- [ASSIGNMENT] Every line of the data below should be retyped exactly, with no images carried over.

- [INFORMATION SHOWN]
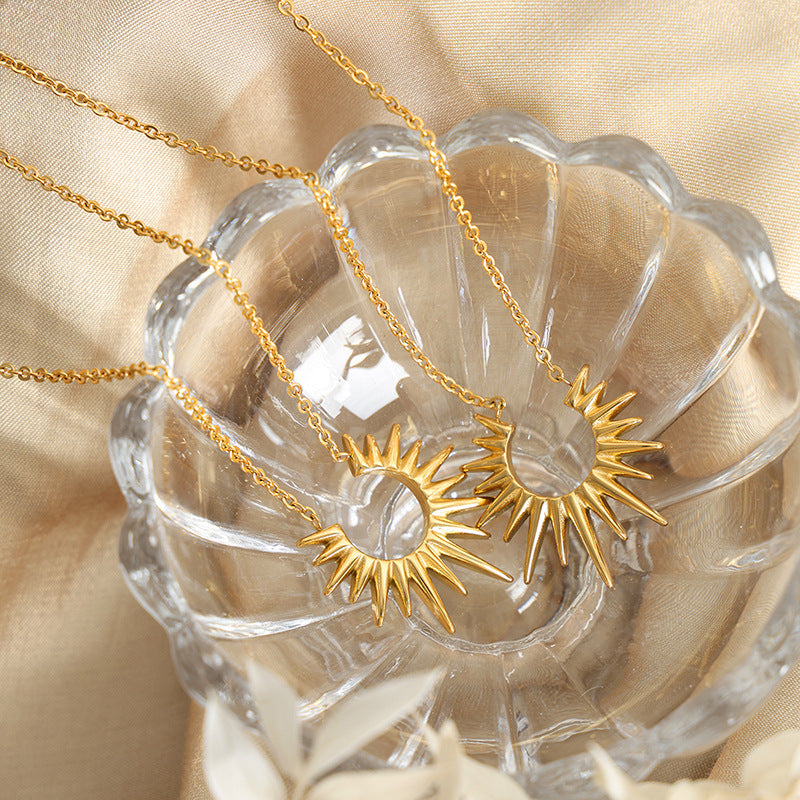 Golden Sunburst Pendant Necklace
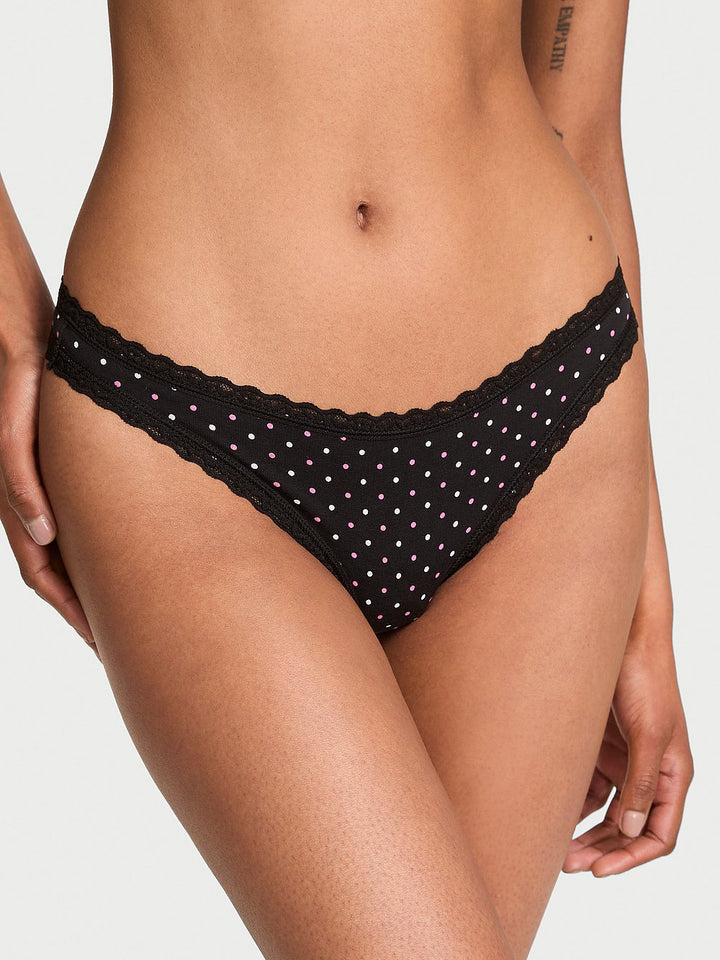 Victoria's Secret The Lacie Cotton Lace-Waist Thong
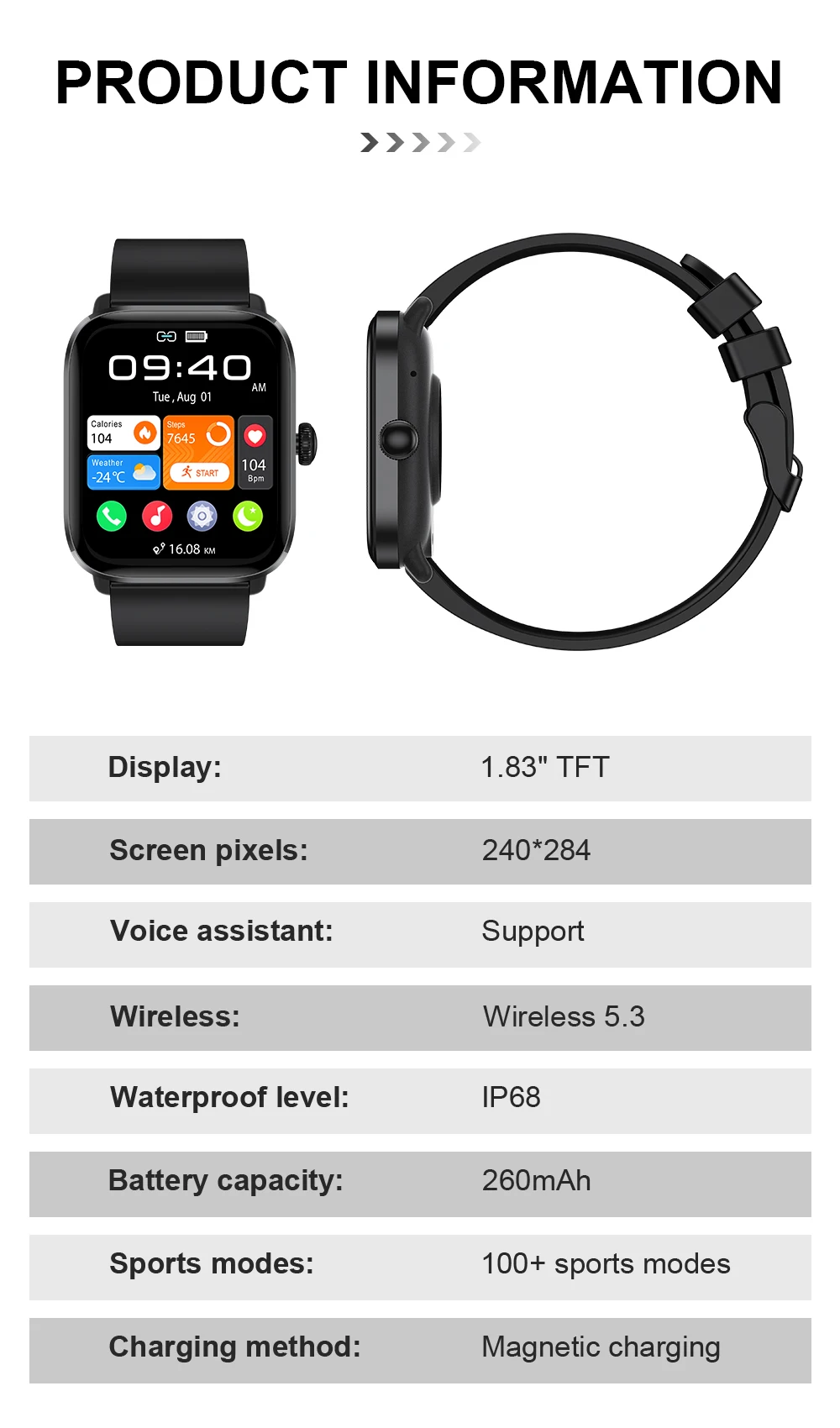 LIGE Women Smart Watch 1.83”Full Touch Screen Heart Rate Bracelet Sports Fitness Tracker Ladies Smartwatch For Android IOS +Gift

- [TASK ANSWER]
 Golden Sunburst Pendant Necklace
 Victoria's Secret The Lacie Cotton Lace-Waist Thong
 LIGE Women Smart Watch 1.83”Full Touch Screen Heart Rate Bracelet Sports Fitness Tracker Ladies Smartwatch For Android IOS +Gift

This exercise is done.